Jourova indica il 2021 per Recovery fund, Commissione d'accordo ad aiuti subito

Commissari d'accordo a bilanciare prestiti e sovvenzioni. Gentiloni, saremo ambiziosi e faremo presto

Redazione ANSA BRUXELLES

BRUXELLES - "Il 1 gennaio 2021 è una data molto ambiziosa per far partire il Recovery Instrument, nel frattempo bisogna prendere il massimo dagli attuali strumenti a breve termine, che usano ancora il vecchio bilancio": lo ha detto la vicepresidente della Commissione Ue, Vera Jourova. La Jourova ha però aggiunto che nel collegio dei commissari "tutti hanno parlato del bisogno di sostenere e aiutare rapidamente i più colpiti", e per il Recovery Instrument e il nuovo budget "c'è la forte volontà di presentare una proposta fattibile".

La Commissione Ue ha avuto oggi un primo "dibattito orientativo" sul Recovery plan e il bilancio Ue, che deve comprendere "uno strumento di emergenza per la ripresa che aumenti temporaneamente la capacità di fuoco del bilancio, incrementando l'headroom (differenza tra spese e impegni, ndr) del bilancio Ue e che vada sui mercati per finanziare gli Stati membri attraverso il bilancio Ue, oltre al quadro 2021-2027", ha spiegato Jourova. Il nuovo strumento "deve trovare un equilibrio appropriato tra prestiti e sovvenzioni, e deve dare sostegno anche prima che il bilancio 2021-2027 sia in funzione", ha aggiunto.

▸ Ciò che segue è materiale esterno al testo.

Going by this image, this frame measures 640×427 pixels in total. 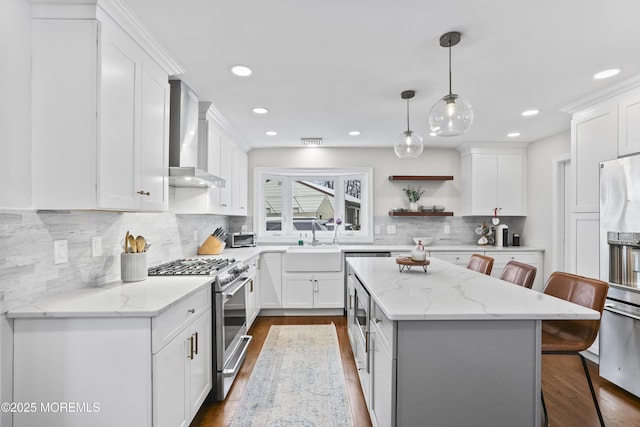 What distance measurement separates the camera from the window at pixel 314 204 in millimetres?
4836

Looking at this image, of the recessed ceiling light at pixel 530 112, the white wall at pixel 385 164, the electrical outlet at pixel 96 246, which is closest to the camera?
the electrical outlet at pixel 96 246

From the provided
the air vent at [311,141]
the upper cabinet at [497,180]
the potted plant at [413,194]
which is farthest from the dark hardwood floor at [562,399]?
the air vent at [311,141]

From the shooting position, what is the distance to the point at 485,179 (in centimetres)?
445

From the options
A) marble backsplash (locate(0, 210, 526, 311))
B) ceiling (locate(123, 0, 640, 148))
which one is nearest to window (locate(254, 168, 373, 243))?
ceiling (locate(123, 0, 640, 148))

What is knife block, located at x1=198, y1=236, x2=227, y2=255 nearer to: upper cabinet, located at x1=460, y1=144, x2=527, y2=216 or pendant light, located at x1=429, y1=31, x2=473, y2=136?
pendant light, located at x1=429, y1=31, x2=473, y2=136

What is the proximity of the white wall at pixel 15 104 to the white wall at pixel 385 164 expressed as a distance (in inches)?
129

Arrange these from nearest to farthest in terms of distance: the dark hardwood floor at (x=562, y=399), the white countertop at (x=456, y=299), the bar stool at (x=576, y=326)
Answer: the white countertop at (x=456, y=299) → the bar stool at (x=576, y=326) → the dark hardwood floor at (x=562, y=399)

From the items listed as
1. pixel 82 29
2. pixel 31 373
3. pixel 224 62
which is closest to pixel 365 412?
pixel 31 373

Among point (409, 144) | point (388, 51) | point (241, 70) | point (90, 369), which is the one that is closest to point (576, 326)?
point (409, 144)

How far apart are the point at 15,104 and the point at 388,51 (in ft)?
6.40

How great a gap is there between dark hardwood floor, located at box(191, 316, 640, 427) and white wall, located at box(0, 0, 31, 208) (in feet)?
5.37

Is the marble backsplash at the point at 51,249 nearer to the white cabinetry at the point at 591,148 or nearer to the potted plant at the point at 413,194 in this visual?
the potted plant at the point at 413,194

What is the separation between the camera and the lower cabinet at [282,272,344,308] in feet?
13.5

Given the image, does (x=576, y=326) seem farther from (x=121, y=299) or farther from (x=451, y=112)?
(x=121, y=299) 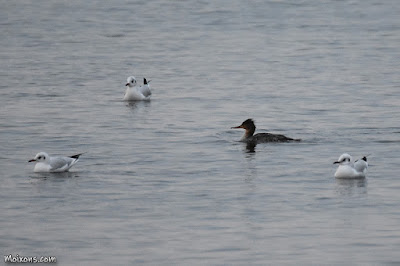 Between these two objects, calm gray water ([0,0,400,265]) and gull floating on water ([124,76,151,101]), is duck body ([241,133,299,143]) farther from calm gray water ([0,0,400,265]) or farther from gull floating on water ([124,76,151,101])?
gull floating on water ([124,76,151,101])

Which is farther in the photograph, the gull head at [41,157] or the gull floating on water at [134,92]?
the gull floating on water at [134,92]

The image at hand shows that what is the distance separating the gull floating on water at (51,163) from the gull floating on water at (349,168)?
4.56m

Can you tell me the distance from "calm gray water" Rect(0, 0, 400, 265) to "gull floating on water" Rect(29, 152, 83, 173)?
147mm

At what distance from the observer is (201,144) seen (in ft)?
76.1

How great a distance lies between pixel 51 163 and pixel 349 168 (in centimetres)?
504

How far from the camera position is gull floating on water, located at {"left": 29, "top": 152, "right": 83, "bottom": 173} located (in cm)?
1973

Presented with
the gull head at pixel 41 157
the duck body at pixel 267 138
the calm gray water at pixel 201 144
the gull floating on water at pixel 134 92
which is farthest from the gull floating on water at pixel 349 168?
the gull floating on water at pixel 134 92

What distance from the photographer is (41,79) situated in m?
34.7

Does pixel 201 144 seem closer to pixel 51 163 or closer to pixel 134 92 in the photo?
pixel 51 163

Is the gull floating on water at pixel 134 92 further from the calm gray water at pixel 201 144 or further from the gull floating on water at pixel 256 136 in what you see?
the gull floating on water at pixel 256 136

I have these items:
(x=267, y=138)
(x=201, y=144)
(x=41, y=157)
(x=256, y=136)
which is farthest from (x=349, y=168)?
(x=41, y=157)

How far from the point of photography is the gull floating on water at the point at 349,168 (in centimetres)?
1889

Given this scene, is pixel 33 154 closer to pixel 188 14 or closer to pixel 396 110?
pixel 396 110

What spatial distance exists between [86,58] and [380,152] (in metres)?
20.4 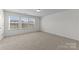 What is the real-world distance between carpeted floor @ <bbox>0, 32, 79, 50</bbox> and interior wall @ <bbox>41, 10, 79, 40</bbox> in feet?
0.45

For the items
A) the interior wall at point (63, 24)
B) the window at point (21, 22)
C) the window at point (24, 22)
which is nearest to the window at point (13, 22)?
the window at point (21, 22)

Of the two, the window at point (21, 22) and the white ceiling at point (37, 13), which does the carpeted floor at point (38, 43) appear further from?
the white ceiling at point (37, 13)

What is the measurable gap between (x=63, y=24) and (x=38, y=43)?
827mm

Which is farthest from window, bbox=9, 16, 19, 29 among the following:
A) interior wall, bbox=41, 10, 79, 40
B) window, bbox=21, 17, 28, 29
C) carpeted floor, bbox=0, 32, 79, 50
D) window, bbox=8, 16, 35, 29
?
interior wall, bbox=41, 10, 79, 40

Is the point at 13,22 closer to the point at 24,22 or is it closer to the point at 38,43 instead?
the point at 24,22

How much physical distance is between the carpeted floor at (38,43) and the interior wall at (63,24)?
14 centimetres

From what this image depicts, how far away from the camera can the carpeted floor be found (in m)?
2.56

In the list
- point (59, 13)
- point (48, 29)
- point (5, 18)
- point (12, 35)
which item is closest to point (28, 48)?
point (12, 35)

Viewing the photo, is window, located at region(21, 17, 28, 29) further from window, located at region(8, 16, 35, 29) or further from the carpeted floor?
the carpeted floor

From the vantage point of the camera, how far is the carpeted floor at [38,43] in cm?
256

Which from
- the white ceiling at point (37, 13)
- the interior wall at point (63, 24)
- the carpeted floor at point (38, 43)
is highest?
the white ceiling at point (37, 13)
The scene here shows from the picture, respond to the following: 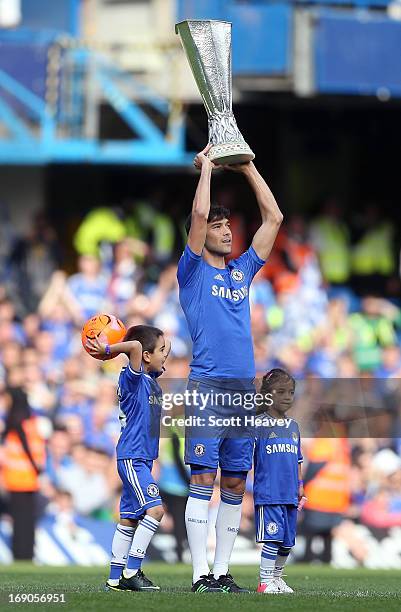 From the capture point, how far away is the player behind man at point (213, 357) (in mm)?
8875

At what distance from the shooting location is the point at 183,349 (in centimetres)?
1648

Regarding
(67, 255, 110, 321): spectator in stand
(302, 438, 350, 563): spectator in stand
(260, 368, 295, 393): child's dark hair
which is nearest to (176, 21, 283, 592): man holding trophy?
(260, 368, 295, 393): child's dark hair

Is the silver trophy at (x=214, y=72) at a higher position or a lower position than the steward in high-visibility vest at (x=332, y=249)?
higher

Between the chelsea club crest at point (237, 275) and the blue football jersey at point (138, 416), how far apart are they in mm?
873

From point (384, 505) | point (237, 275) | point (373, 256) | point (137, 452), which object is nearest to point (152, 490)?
point (137, 452)

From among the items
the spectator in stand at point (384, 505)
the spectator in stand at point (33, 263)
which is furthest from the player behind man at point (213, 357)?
the spectator in stand at point (33, 263)

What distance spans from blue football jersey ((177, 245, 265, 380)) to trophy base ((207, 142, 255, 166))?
2.05 ft

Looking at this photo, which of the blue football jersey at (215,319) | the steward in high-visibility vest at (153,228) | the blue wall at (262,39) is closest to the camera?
the blue football jersey at (215,319)

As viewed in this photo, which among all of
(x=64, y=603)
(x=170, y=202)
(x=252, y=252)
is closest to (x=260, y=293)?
(x=170, y=202)

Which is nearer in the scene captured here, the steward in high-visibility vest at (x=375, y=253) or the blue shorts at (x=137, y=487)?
the blue shorts at (x=137, y=487)

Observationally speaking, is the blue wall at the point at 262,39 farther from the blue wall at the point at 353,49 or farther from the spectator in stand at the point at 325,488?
the spectator in stand at the point at 325,488

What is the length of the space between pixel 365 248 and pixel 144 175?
3553mm

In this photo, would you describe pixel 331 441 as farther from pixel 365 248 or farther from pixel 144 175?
pixel 144 175

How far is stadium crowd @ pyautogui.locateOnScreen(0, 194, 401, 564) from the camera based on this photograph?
588 inches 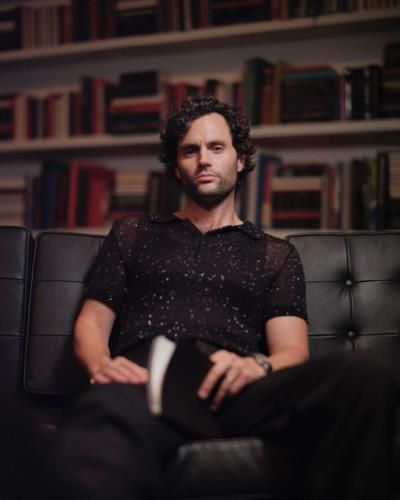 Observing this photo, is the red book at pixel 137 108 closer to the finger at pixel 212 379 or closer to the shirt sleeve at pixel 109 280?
the shirt sleeve at pixel 109 280

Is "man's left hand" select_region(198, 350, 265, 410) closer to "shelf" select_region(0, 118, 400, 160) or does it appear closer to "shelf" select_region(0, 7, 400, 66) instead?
"shelf" select_region(0, 118, 400, 160)

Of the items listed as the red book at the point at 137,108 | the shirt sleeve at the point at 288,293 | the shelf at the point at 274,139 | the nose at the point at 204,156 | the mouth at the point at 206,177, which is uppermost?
the red book at the point at 137,108

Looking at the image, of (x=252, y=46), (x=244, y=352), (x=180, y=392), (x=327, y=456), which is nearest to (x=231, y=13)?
(x=252, y=46)

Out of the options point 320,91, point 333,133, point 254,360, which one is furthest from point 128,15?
point 254,360

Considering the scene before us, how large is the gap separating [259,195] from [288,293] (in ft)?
2.99

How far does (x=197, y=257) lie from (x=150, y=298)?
6.4 inches

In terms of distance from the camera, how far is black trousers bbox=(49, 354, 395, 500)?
1.02m

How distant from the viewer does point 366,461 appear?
1050 millimetres

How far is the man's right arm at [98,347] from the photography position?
1316mm

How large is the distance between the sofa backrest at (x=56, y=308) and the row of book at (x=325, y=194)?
2.77 ft

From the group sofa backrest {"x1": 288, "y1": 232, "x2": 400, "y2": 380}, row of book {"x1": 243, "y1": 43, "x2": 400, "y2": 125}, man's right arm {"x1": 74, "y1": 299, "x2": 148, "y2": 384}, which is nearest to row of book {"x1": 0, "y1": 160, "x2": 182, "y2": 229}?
row of book {"x1": 243, "y1": 43, "x2": 400, "y2": 125}

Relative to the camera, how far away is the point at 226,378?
1285mm

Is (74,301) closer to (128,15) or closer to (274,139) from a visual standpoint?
(274,139)

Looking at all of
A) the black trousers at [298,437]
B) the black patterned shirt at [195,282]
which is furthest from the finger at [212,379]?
the black patterned shirt at [195,282] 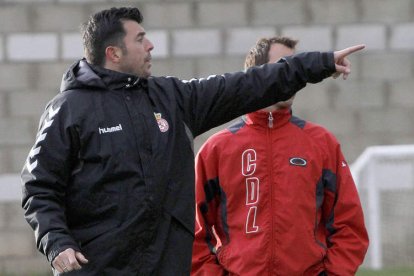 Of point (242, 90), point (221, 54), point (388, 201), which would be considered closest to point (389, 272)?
point (388, 201)

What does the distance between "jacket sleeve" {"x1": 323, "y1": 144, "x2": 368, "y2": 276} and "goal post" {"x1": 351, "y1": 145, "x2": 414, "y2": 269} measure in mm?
4164

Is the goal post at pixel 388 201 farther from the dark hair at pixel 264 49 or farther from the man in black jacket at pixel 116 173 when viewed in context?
the man in black jacket at pixel 116 173

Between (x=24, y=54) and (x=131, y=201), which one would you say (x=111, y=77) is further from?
(x=24, y=54)

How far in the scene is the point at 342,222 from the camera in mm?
5883

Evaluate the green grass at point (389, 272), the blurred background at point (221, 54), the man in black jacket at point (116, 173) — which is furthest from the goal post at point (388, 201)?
the man in black jacket at point (116, 173)

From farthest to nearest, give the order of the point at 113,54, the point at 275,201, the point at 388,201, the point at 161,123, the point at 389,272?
1. the point at 388,201
2. the point at 389,272
3. the point at 275,201
4. the point at 113,54
5. the point at 161,123

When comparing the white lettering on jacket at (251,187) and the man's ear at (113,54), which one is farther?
the white lettering on jacket at (251,187)

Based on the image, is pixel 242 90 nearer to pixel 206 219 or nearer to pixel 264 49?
pixel 264 49

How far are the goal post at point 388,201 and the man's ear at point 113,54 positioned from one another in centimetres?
493

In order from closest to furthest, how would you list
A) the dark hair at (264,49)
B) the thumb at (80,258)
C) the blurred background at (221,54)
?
the thumb at (80,258) → the dark hair at (264,49) → the blurred background at (221,54)

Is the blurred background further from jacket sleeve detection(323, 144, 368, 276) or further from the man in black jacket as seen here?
the man in black jacket

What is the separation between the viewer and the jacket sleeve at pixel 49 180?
5.15 meters

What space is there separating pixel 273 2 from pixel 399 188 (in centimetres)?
175

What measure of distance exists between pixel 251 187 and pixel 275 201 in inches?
4.7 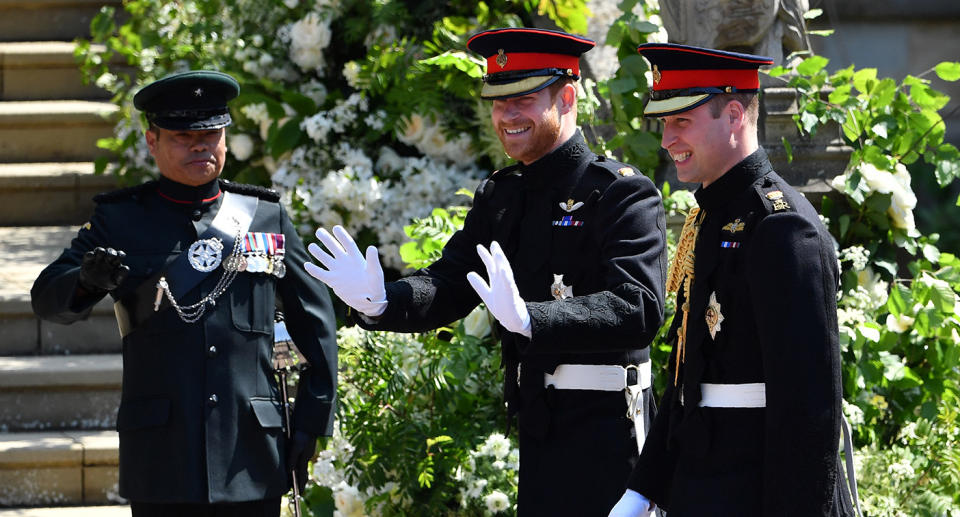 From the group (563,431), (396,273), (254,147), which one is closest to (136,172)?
(254,147)

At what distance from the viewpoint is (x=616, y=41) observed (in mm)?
4922

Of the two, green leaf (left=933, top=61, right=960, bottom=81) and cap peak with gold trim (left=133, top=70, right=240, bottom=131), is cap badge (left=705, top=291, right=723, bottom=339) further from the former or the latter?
green leaf (left=933, top=61, right=960, bottom=81)

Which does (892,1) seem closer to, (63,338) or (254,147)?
(254,147)

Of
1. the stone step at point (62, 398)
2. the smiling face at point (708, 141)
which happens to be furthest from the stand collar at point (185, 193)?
the stone step at point (62, 398)

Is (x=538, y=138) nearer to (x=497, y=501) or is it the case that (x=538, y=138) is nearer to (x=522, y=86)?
(x=522, y=86)

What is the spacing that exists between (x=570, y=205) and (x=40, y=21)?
6518mm

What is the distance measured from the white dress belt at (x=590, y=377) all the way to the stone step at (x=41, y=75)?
5744mm

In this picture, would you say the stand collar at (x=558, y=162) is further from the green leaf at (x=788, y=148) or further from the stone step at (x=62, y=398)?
the stone step at (x=62, y=398)

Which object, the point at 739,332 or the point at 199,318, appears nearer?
the point at 739,332

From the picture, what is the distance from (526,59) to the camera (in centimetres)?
320

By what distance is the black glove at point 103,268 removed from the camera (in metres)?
3.51

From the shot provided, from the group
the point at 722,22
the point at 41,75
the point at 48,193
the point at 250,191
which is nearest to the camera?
the point at 250,191

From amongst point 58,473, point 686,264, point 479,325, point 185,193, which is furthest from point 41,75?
point 686,264

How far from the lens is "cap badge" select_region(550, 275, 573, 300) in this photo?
10.1 ft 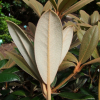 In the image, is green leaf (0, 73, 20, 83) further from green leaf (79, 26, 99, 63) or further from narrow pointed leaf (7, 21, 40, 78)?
green leaf (79, 26, 99, 63)

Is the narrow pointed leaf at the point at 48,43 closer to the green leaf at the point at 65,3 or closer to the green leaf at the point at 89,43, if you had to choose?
the green leaf at the point at 89,43

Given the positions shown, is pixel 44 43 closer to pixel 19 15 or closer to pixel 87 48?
pixel 87 48

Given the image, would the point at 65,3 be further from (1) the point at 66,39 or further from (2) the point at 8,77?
(2) the point at 8,77

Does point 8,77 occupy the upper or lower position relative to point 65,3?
lower

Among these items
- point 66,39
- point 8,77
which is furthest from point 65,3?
point 8,77

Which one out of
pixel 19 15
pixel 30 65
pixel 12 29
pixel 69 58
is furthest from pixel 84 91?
pixel 19 15

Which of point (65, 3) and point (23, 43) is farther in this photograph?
point (65, 3)

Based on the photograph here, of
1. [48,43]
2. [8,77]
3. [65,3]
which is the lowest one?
[8,77]

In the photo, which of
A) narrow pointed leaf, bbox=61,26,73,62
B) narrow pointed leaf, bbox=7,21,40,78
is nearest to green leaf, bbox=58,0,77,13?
narrow pointed leaf, bbox=61,26,73,62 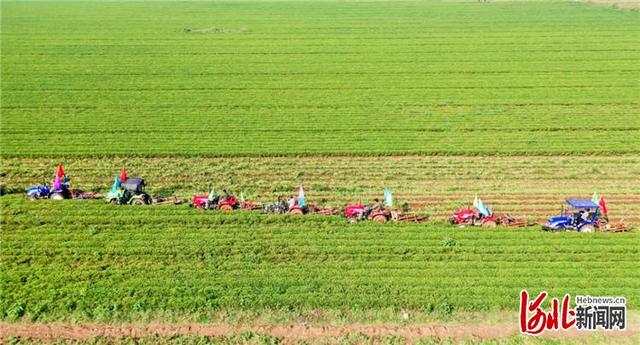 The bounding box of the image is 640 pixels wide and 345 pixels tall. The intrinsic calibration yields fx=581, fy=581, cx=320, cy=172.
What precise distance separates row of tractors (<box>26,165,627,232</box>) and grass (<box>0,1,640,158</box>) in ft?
18.5

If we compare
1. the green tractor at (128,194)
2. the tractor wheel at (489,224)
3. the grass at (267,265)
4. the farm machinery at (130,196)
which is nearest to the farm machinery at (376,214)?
Answer: the grass at (267,265)

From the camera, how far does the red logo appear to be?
1844 cm

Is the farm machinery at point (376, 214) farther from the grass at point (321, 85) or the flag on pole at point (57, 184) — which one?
the flag on pole at point (57, 184)

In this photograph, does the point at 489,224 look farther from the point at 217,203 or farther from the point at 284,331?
the point at 217,203

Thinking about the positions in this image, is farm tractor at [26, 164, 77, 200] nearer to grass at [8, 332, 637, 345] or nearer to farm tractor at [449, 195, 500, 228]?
grass at [8, 332, 637, 345]

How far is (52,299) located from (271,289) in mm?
7272

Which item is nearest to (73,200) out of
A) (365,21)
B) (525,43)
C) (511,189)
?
(511,189)

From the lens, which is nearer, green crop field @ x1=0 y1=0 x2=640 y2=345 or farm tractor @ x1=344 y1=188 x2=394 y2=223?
green crop field @ x1=0 y1=0 x2=640 y2=345

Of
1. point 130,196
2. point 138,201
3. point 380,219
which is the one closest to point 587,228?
point 380,219

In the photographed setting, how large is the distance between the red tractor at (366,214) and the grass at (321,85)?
7.70 m

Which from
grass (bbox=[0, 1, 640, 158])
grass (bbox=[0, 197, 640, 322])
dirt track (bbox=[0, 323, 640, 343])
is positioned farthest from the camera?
grass (bbox=[0, 1, 640, 158])

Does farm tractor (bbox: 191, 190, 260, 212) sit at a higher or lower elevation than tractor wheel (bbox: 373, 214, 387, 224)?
higher

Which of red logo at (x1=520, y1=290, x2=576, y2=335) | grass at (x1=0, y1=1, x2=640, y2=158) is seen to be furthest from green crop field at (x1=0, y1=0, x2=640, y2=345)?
red logo at (x1=520, y1=290, x2=576, y2=335)

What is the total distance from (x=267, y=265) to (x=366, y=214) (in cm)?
547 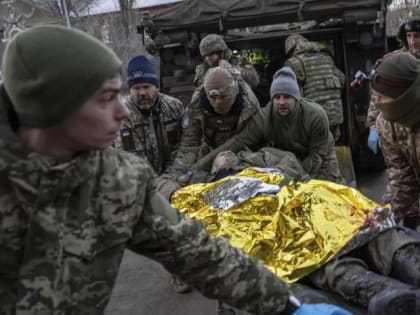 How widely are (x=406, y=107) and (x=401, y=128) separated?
0.31m

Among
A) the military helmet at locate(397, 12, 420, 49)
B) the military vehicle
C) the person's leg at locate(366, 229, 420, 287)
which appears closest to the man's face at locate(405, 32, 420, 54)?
the military helmet at locate(397, 12, 420, 49)

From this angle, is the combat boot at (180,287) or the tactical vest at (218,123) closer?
the combat boot at (180,287)

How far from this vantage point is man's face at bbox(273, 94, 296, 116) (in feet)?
12.8

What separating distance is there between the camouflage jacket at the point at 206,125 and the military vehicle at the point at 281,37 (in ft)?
5.55

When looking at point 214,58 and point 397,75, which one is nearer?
point 397,75

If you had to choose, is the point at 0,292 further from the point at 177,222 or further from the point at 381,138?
the point at 381,138

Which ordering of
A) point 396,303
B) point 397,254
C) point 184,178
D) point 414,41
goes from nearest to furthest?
point 396,303 → point 397,254 → point 184,178 → point 414,41

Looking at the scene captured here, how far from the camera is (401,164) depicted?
328 centimetres

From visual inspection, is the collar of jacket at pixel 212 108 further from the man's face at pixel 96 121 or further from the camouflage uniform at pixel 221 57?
the man's face at pixel 96 121

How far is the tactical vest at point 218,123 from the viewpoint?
3.92 meters

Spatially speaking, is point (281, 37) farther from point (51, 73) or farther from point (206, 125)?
point (51, 73)

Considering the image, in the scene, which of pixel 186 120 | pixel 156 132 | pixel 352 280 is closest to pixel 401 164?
pixel 352 280

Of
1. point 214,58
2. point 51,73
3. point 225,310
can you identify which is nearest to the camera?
point 51,73

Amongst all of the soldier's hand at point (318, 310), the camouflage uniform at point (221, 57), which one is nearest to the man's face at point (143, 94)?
the camouflage uniform at point (221, 57) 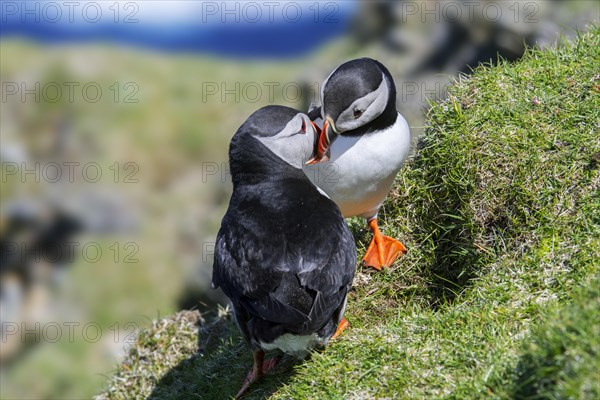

La Jourova ha spiegato che "nella discussione di oggi erano presenti sia l'aspetto della rapida azione che della solidarietà". Il collegio ha quindi discusso "la soluzione a breve termine, usando soldi e strumenti esistenti", anche grazie a "tutto quello che abbiamo fatto per rendere i fondi flessibili, che possono essere usati anche dall'Italia, inclusa la possibilità di lavorare con gli aiuti di Stato in modo rapido".

Per quanto riguarda il Recovery instrument e il nuovo bilancio Ue, "c'è una forte volontà di presentare presto una proposta fattibile, che tenga l'architettura ma aggiunga un capitolo molto forte sulla ripresa". Per fare questo "ci serve un po' di tempo per discutere con gli Stati membri e con il Parlamento", ma la presidente Ursula von der Leyen "si è impegnata con forza ad avere discussioni intense con tutti quelli i cui 'sì' sono necessari, in questo processo molto impegnativo di adozione del nuovo bilancio".

Sul Recovery fund e il bilancio Ue "cercheremo di fare il prima possibile, ma è la presidente, Ursula von der Leyen, che decide la data", e "non dipende solo dal nostro lavoro interno perché dobbiamo proporre un testo che abbia l'approvazione degli Stati membri. C'è molto lavoro politico da fare a monte. Non ho dubbi che sarà una proposta ambiziosa", ha detto il commissario agli affari economici Paolo Gentiloni in un'intervista a Les Echos. "Ci serve un fondo che sia almeno il 10% del nostro Pil, ovvero 1.500 miliardi di euro", ha detto il commissario, tornando sulla necessità di avere sovvenzioni "che dovrebbero concentrarsi sulle aree o sui settori più colpiti. In alcuni contesti, c'è una vera emergenza". Per quanto riguarda i prestiti, "è essenziale progettarli con una lunga scadenza", altrimenti "l'obiettivo di non aumentare l'onere del debito degli Stati non sarà raggiunto".